Humans and seals in the Baltic Sea: interactions in a changing environment

Project leader

Funding source

Swedish Research Council - Vetenskapsrådet (VR)

Project Details

Start date: 01/01/2016
End date: 31/12/2018
Funding: 4500000 SEK


The Baltic Sea region underwent dramatic geological and climatic changes during the middle and late Holocene, especially between 8000-3000 years BP, which are assumed to have affected both seal and human populations. Exploitation of aquatic resources was of great significance for the subsistence of the early hunter-gatherer societies of the Baltic region but also for the later coastal hunting and fishing societies of the Pitted Ware Culture and to a lesser degree for the Bronze and Iron Ages societies in the same region. Since the subsistence of prehistoric hunter-gathering or semi-agricultural societies were fully or partly dependent on and adapted to their environment, any environmental changes could have had an immense impact on their subsistence strategies.

This project explores the mutual interaction between humans and seals in a diachronic perspective under periods of climatic change. More specific, it explores to what extent climatic changes can be reflected in human and seal populations, how past climatic changes could have affected seal populations in the Baltic basin i.e. increases, decreases or even extinctions, how these climatic changes are reflected on the physiology of seals and humans, and how humans responded to these changes in terms of subsistence and hunting strategies.

Fluctuations in modern seal populations has gone from being interpreted mainly as a function of human hunting pressure towards an interpretation mainly based on responses to climatic change. It is time to introduce a modified picture on how these factors interact and where both climatic changes and human hunting strategies, including their perception of a changing world, are taken into account.

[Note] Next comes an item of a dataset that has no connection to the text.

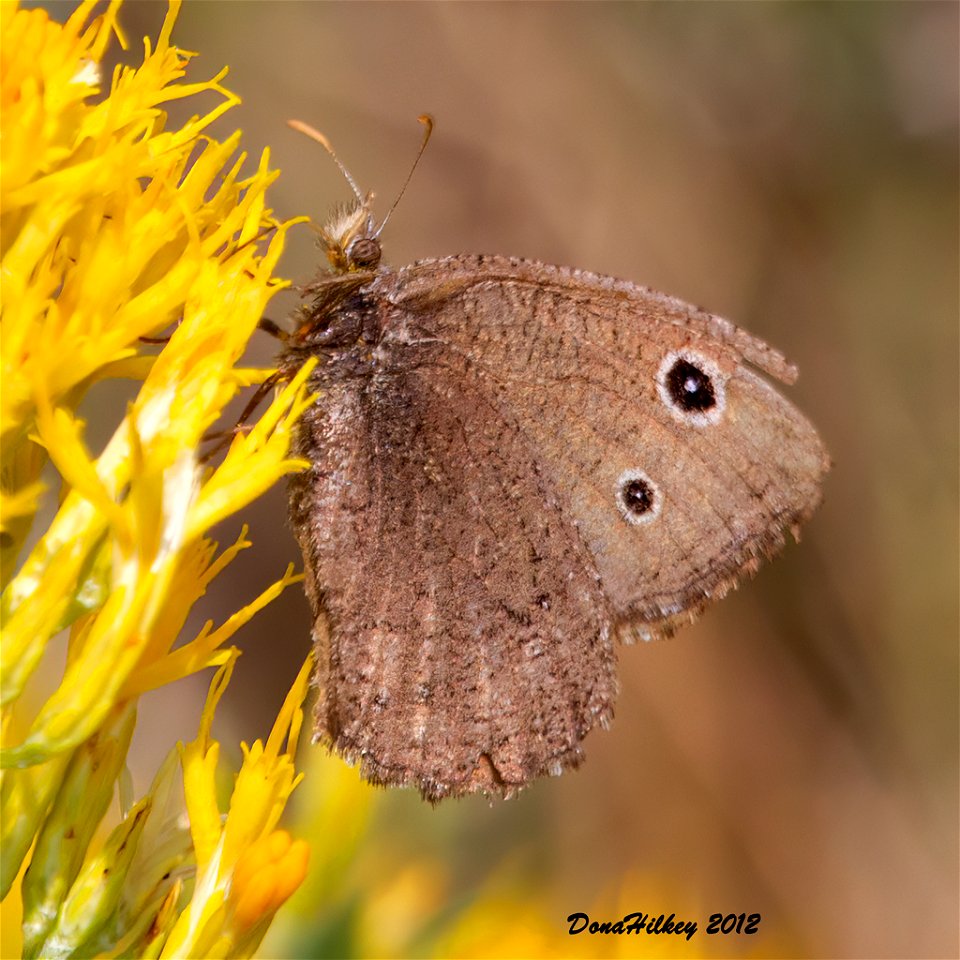 Small Wood-Nymph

The novelty of the project is that it has a multidisciplinary approach as it combines an understanding of seal ecology, climatology with the anthropological responses to these focusing equally on seals and humans. Our methodological approach includes analytical tools from archaeology, archaeochemistry, zooarchaeology and ecology. Our methodological focus is multi stable isotope analysis of teeth and bones from seals and humans from selected archaeological sites covering the entire Baltic Sea region and chronologically expanding from the Mesolithic to the Iron Age. Particularly, oxygen isotope analysis will be utilized as a proxy for detecting climatic and geological fluctuations as we assume that any climatic change which had an impact on seal populations would be reflected in the oxygen isotopic signature of both seals and humans. Data on faunal remains from the selected archaeological sites will be collected in order to explore variations in seal abundances in space and time. Isotopic data, chronological data (radiocarbon dating of bones), environmental data and anthropological data reflecting material culture in terms of hunting tools, ceramics and anthropogenic figurines will be integrated in a final diachronic synthesis.

The project´s duration is scheduled for three years. The analysis will be performed at the Archaeological Research Laboratory, in close cooperation with the Stable Isotope Laboratory, Department of Geological Sciences and Vegacenter, Museum of Natural History, where the isotope analysis of bone and tooth collagen will be carried out.

The proposed project is an innovative project that, it takes advantage of recent scientific developments, changes the methodological focus and aims to offer new insights to prehistoric human subsistence and to shifts in the ecology of seals. By studying effects of past climatic changes on seals we provide for the first time data on how climatic changes have affected top predators in the prehistory, which we know have large cascade effects on whole ecosystems. In this sense, the project will provide the research community with new knowledge with focus on marine mammal physiology, diet, habitat use and movement from the Baltic Sea, not as separate entities but in mutual connection.